- **Stored dataset items**
◇ ◇ ◇ ◇

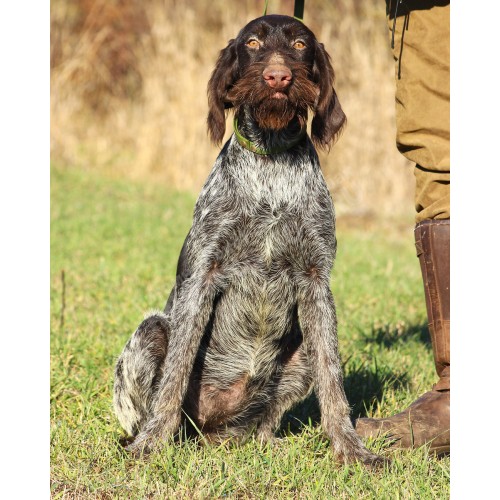 Породистый щенок ПЕРРИ из помета П сука №2 породы дратхаар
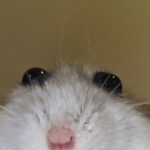 DESPEREAUX
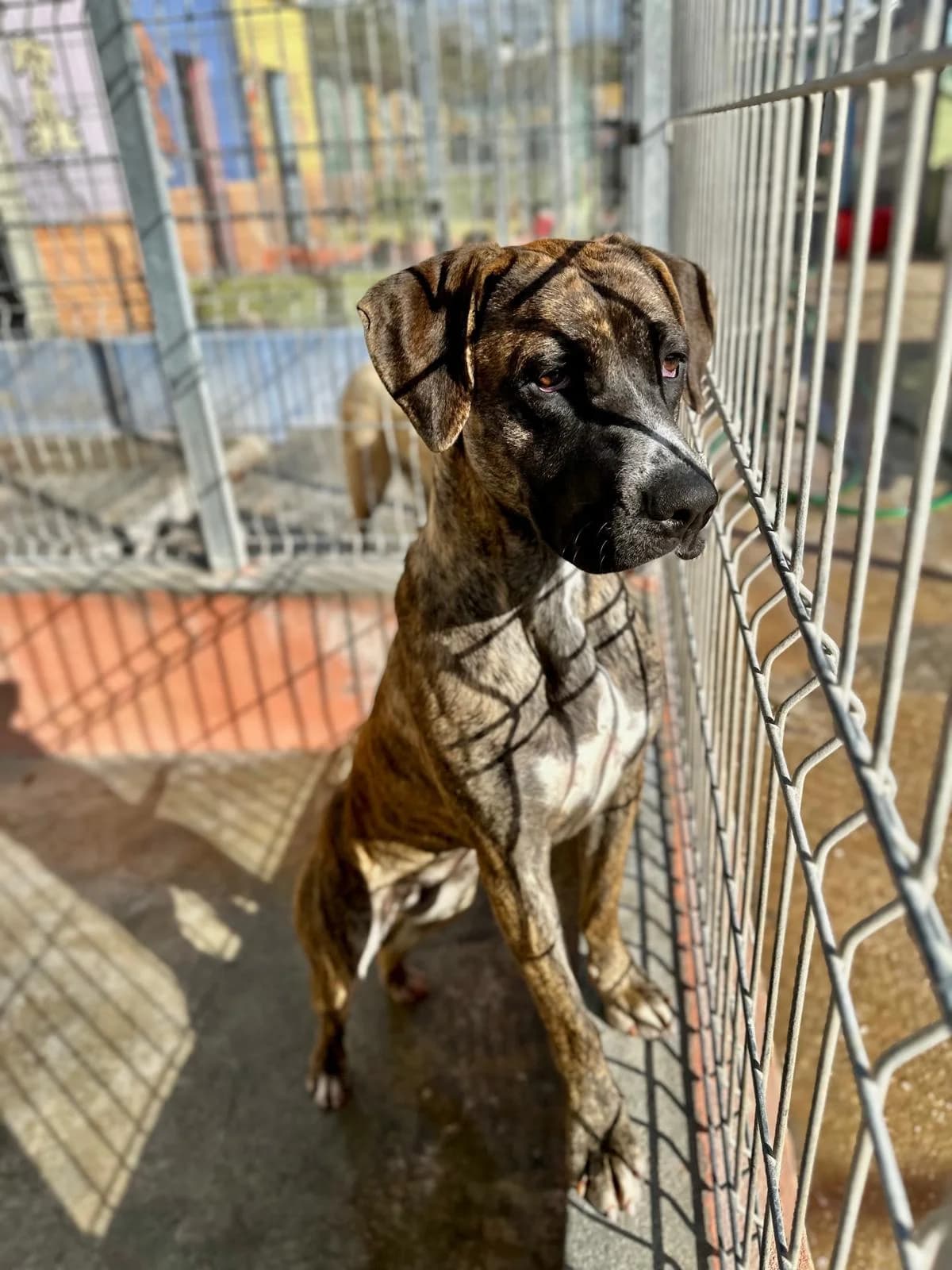 Willow, female 6yo mixed breed for adoption at Associação Projecto JAVA, -909 Atalaia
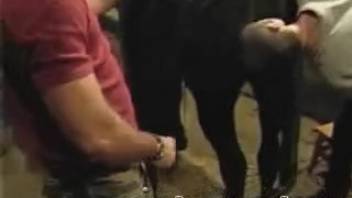 Aroused men drew near the submissive horse to tongue her moist anus.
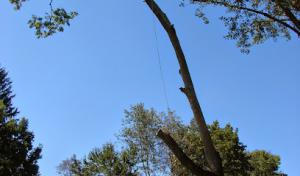 Basic Tree Care | Columbus Tree Removal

◇ ◇ ◇ ◇

- **TASK ITEM**
Every line above should be reproduced exactly, please, with no pictures included.

- **THE ANSWER**
 Породистый щенок ПЕРРИ из помета П сука №2 породы дратхаар
 DESPEREAUX
 Willow, female 6yo mixed breed for adoption at Associação Projecto JAVA, -909 Atalaia
 Aroused men drew near the submissive horse to tongue her moist anus.
 Basic Tree Care | Columbus Tree Removal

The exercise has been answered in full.